_Requirement_. Within the material below, locate the line with "btn-success btn-sm float-right" and the line with "Add to album", then return those two lines and all lines between them, exactly as written.

==== Data for this exercise ====

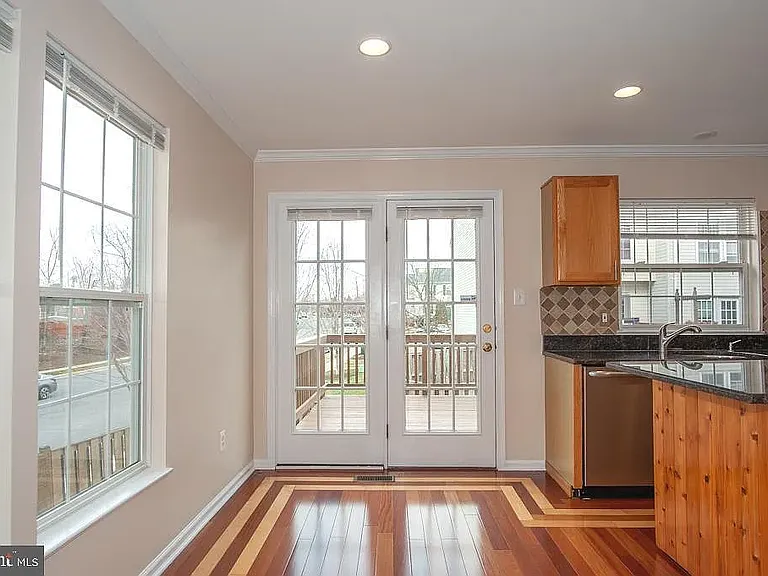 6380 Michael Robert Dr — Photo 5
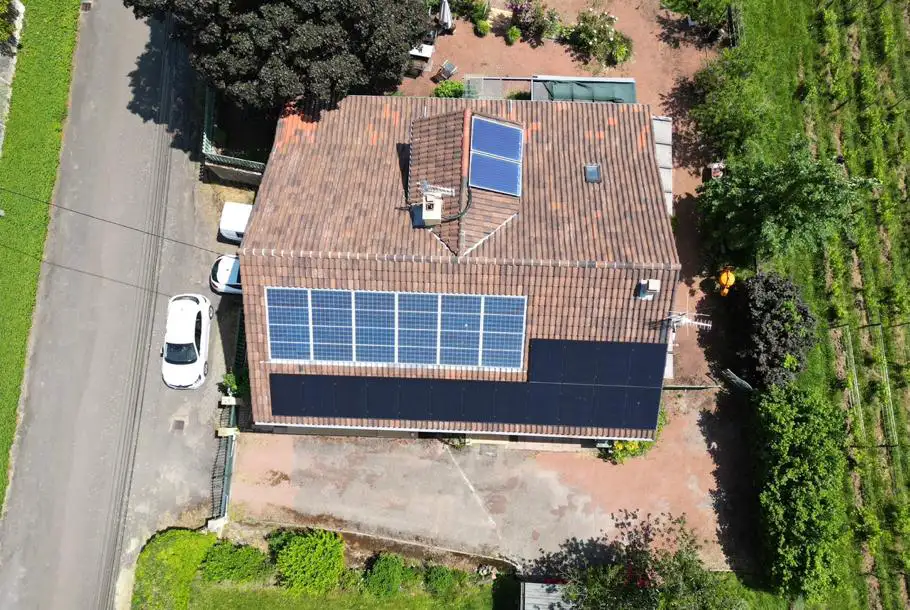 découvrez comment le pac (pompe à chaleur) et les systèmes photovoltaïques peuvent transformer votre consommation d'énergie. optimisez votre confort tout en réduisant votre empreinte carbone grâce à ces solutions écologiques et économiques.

====
==== Data for this exercise ====

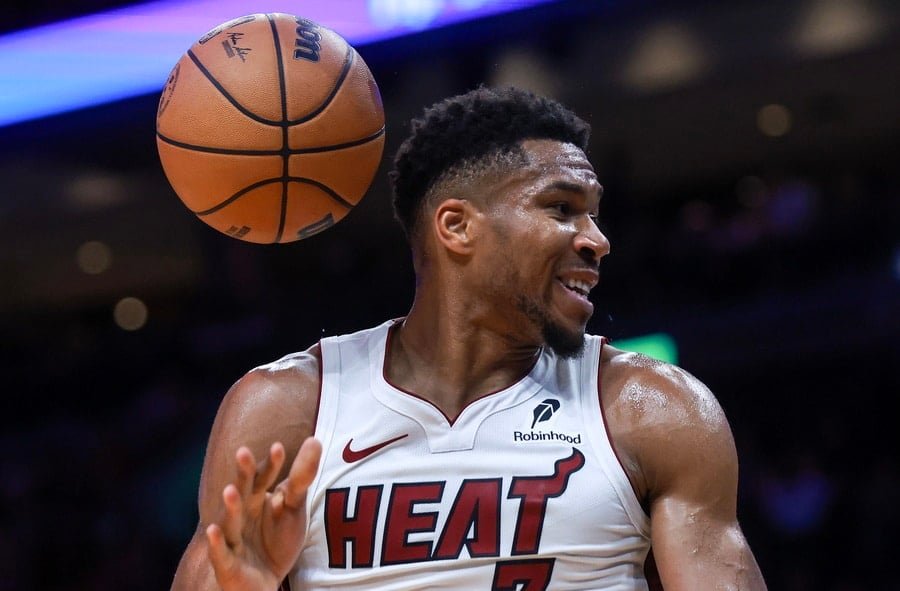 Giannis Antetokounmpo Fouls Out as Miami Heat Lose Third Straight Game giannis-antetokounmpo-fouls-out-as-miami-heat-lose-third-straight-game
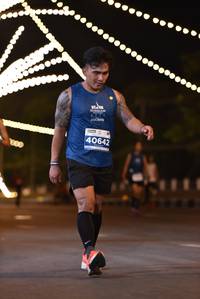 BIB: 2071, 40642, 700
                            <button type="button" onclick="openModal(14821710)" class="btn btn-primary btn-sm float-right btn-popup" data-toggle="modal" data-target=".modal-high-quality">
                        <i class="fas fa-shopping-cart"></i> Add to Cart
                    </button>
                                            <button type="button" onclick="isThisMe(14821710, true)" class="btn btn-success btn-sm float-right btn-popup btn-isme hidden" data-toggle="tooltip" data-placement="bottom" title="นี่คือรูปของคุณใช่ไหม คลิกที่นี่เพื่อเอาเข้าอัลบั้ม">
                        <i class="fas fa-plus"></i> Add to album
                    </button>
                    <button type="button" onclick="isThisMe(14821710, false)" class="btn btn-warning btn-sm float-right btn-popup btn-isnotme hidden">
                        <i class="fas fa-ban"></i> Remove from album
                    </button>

====

_Result of this exercise_.
                                            <button type="button" onclick="isThisMe(14821710, true)" class="btn btn-success btn-sm float-right btn-popup btn-isme hidden" data-toggle="tooltip" data-placement="bottom" title="นี่คือรูปของคุณใช่ไหม คลิกที่นี่เพื่อเอาเข้าอัลบั้ม">
                        <i class="fas fa-plus"></i> Add to album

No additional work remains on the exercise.